La política exterior no es una herramienta independiente del proyecto político que impere en el país. No lo fue antes y no lo puede ser ahora. Esto no sólo porque en democracia las definiciones importantes de la política exterior, igual que de la política económica o cualquier otra, no pueden estar divorciadas de la voluntad popular, sino también, y tal vez de manera más definitoria, porque cualquier proyecto político está inmerso en una realidad global de la que no puede escapar. Esa realidad impone restricciones pero también ofrece oportunidades. La política exterior tiene que conectar el proyecto político con las restricciones y oportunidades que ofrece el sistema internacional.

Ciertamente todos los países del mundo tienen tradiciones diplomáticas que trascienden gobiernos. Esas tradiciones o doctrinas de política exterior son, en general, guías de comportamiento que han sobrevivido al tiempo precisamente porque siguen resultando útiles en el proceso de conectar proyectos políticos con realidades geopolíticas. Pero también hay que reconocer que la longevidad de esas doctrinas muchas veces depende más de la facilidad con la que una idea se ha ido reinterpretando para seguir siendo útil. Tan es así que muchas veces el tiempo termina por hacer esas doctrinas irreconocibles para sus autores originales.
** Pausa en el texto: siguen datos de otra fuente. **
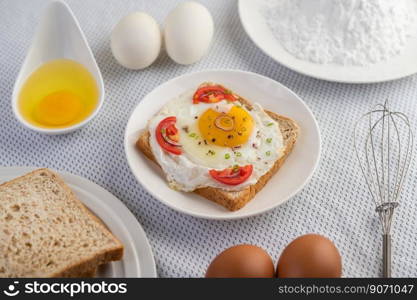 Bread placed with a fried egg with tomatoes, tapioca flour and sliced   spring onions.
El caso de la doctrina Estrada en México es un buen ejemplo, aunque no el único: en 1930, ante la práctica de Estados Unidos de ofrecer el reconocimiento a gobiernos latinoamericanos a cambio de concesiones económicas, el canciller Estrada dio la instrucción de que México nunca ofreciera reconocer o no a un gobierno extranjero. Simplemente nos debíamos abstener de declarar la legitimidad o ilegitimidad de cualquier gobierno. Esa postura fue, en su momento, una importante herramienta retórica frente a los chantajes políticos de Estados Unidos. Hoy en día, en sus versiones más dogmáticas, la doctrina Estrada pareciera dictar que México debe abstenerse de cualquier juicio sobre cualquier asunto relacionado con la política interna de otros países. Esto no sólo puede parecer inadecuado sino imposible: los intereses de México en el mundo siempre tienen que ver, en algún sentido, con la política interna de otro país. Al final, entonces, las doctrinas no son sino herramientas retóricas que a veces nos sirven y a veces no. De ahí que a veces nuestra política exterior empate con la doctrina Estrada (o lo que creemos que es la doctrina Estrada en un momento histórico particular) y a veces no.
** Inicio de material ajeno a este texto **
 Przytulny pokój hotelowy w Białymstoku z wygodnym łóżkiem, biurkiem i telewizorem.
¿Cuál sería la forma correcta, entonces, de definir nuestra política exterior si incluso las doctrinas son más herramientas que directrices? ¿Cómo definir qué posturas de política exterior mejor representan a un proyecto político de izquierda legitimado en las urnas? ¿Qué hacemos cuando ese proyecto político se enfrenta a fuertes restricciones en el campo internacional? Aquí trato de esbozar los elementos que deberíamos discutir para formular una política exterior que refleje los principios del gobierno en turno y, al mismo tiempo, sea útil para promover los intereses del país en la arena internacional.
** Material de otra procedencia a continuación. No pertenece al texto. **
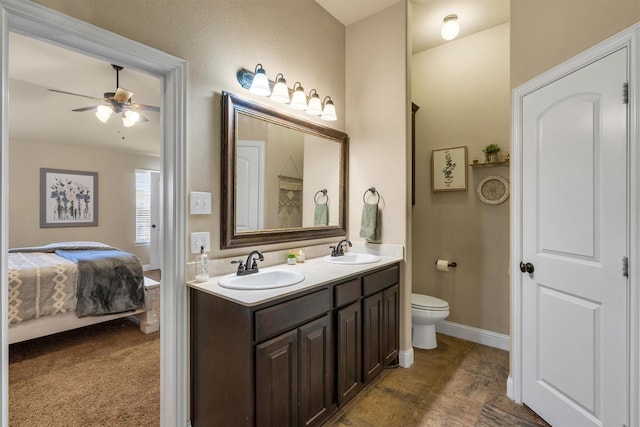 full bath featuring double vanity, a sink, toilet, and a ceiling fan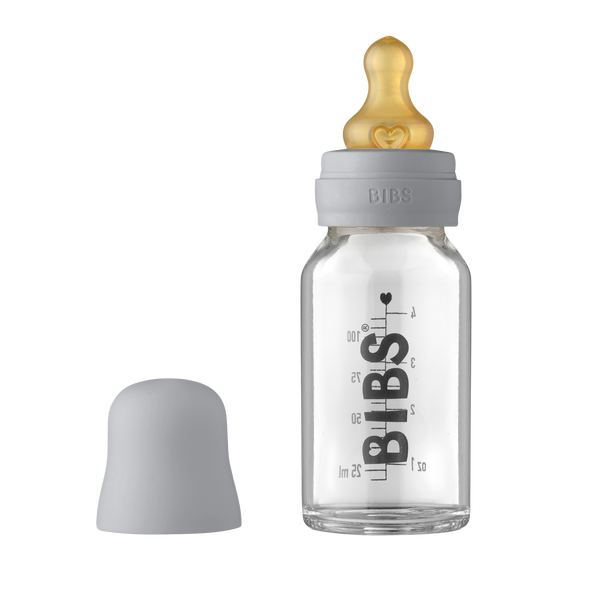 A clear glass baby bottle with a 120ml measurement scale, nipples, and a cap, branded with the name 'BIBS'.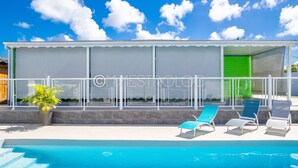 A poolside area with a covered seating area, a pool, and a building with a green door. - Gîtes Arc-en-ciel (Saint-François)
Hay tres elementos que afectan necesariamente nuestro rol en el mundo y que debemos tener en mente: nuestra capacidad de incidencia, los costos potenciales de nuestra política exterior y los principios que creemos que se deben promover. Los dos primeros tienden a ser iguales para cualquier gobierno. El tercero es donde tendríamos que poner el sello de un gobierno que se considere comprometido con las causas de las mayorías, de la democracia, de las libertades y de los derechos sociales. En otras palabras, el distintivo de una diplomacia de izquierda lo definen los principios, pero el éxito de la misma depende de cómo los articulamos de acuerdo con nuestra capacidad de impacto y los costos esperados.

El problema central es que son muy pocos los temas en los que las decisiones resultan fáciles. Asuntos donde podamos incidir de manera determinante, con costos limitados, y que vayan de acuerdo con nuestros principios, son los menos y definitivamente no son los que nos van a quitar el sueño. El verdadero problema es cuando los costos asociados a cierta postura son demasiado grandes o la capacidad de incidencia demasiado pequeña, de tal forma que la promoción de nuestros principios resulte complicada. La clave de una formulación exitosa de política exterior aquí es tomar decisiones estratégicas en esa tensión entre costos y principios, utilizando nuestra capacidad de incidir para ponderar los otros dos.

¿De qué estoy hablando? Pongamos algunos ejemplos prácticos.

Empecemos reconociendo lo obvio: existen muchos asuntos en la arena internacional donde la posición de México no tiene incidencia práctica, si acaso sólo simbólica. México no tiene peso global para cambiar el rumbo de la guerra en Ucrania o la opresión del pueblo palestino. Pero tampoco representa costos importantes tomar una postura principista en este caso. La pregunta aquí sería entonces cuáles son los principios que debemos defender y que deben reflejarse en nuestra postura oficial en organismos internacionales. Me parece que México debe tener una posición clara a favor de la integridad territorial de Ucrania y de la creación del Estado palestino. Eso no debe impedir que hagamos análisis más profundos sobre lo que está pasando en ambos lugares, y hay quien piensa que en realidad lo que hay que defender es el antiamericanismo de Vladimir Putin. En lo segundo difiero, pero el punto no está en esa discusión, sino en dejar claro que hay asuntos en los que podemos ser absolutamente principistas.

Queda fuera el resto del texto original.